Ok, so lately I have been writing a simple rendering engine for iOS using OpenGL es 2.0 spec. To do anything moderately exciting requires adding back in the model, view and projection matricies.

One of the most common operations a graphics engine performs is 4x4 matrix multiplication, which in itself performed many times in a given frame is quite computationally expensive:

matrix[0]  = m1[0]*m2[0]  +  m1[1]*m2[4]  + m1[2]*m2[8]   + m1[3]*m2[12];
matrix[1]  = m1[0]*m2[1]  +  m1[1]*m2[5]  + m1[2]*m2[9]   + m1[3]*m2[13];
matrix[2]  = m1[0]*m2[2]  +  m1[1]*m2[6]  + m1[2]*m2[10]  + m1[3]*m2[14];
…

matrix[15] = m1[12]*m2[3] +  m1[13]*m2[7] + m1[14]*m2[11] + m1[15]*m2[15];

Now for the sake of optimisation on the CPU side, I could setup a matrix multiplication daemon with threading to split the load.

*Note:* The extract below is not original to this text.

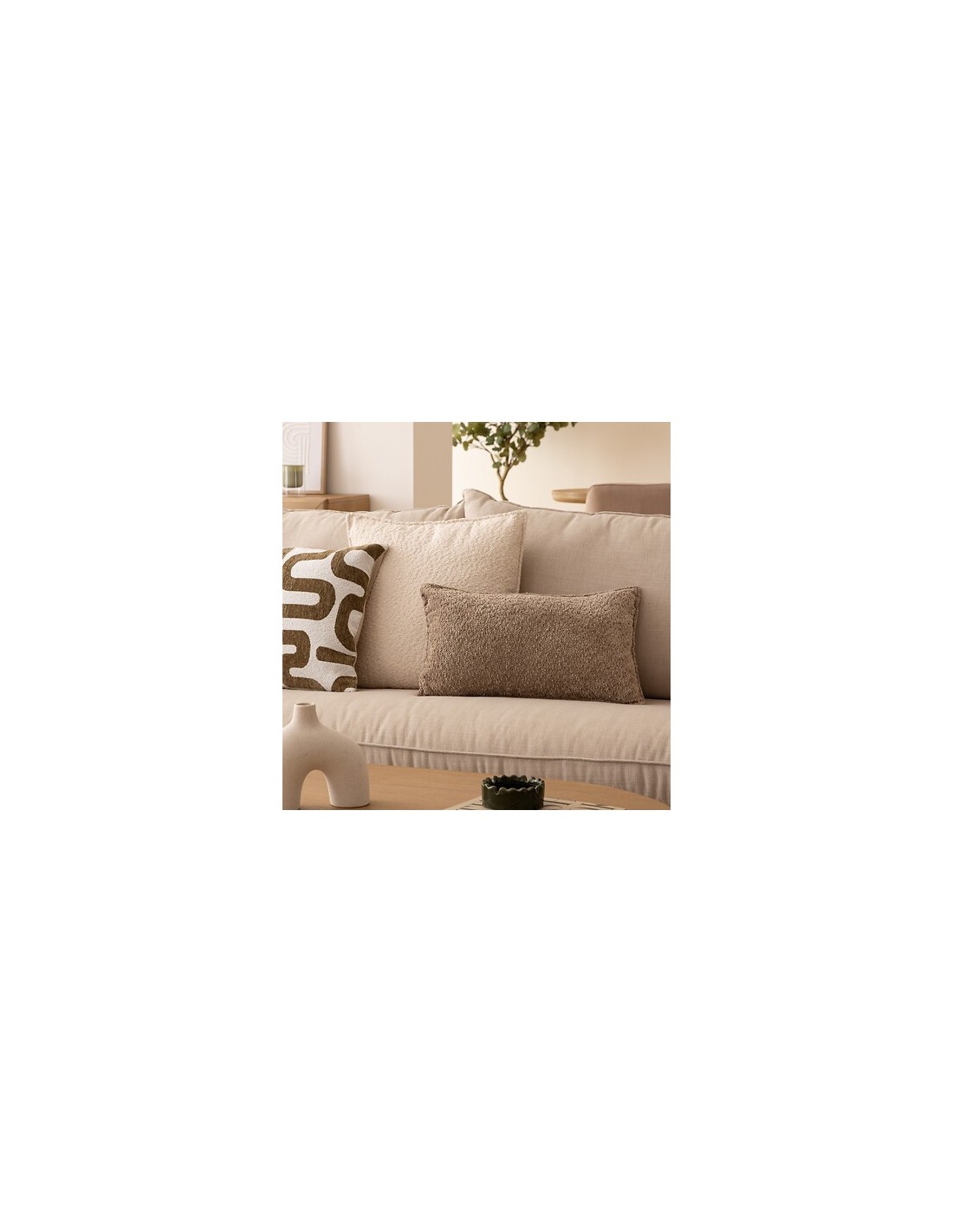 VASI D'ARREDO: vendita online Vaso Asy in Ceramica Sabbiata Bianco, Altezza 18 cm, Design Organico in offerta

However, the shader language gives the inbuilt matrix primitive and operations.

uniform mat4 m_model;
uniform mat4 m_view;
uniform mat4 m_projection;

gl_Position = m_projection * m_view * m_model * v_position;

Now my question is, is the matrix multiplication as expressed in the shader language (and presumable executed on the GPU) optimised? Does the matrix multiplication happen serially or in parallel? Is it better to send a precomputed on the CPU model view projection matrix to the vertex shader or is what I am doing here ok?

The difference between doing the computation on the CPU vs the vertex shader is that computations done on the vertex shader are done per vertex. If you have a model with 10000 vertices, it’s almost always better to compute a combined model-view-projection matrix on the CPU, since it’s 10000 times fewer computations (even though GPUs are very efficient at arithmetic). If your models have only 4 vertices, it’s going to make very little difference - the bottleneck will be the draw call overheads rather than arithmetic.

Another tip is that if you are applying several matrices to a vector in a shader, use matrix-vector multiplications. Your example is equivalent to


gl_Position = ((m_projection * m_view) * m_model) * v_position;

at 64 + 64 + 16 = 144 multiplications, but


gl_Position = m_projection * (m_view * (m_model * v_position));

needs only 16 + 16 + 16 = 48 multiplications. A smart compiler might make that transformation for you, but it’s better to be on the safe side.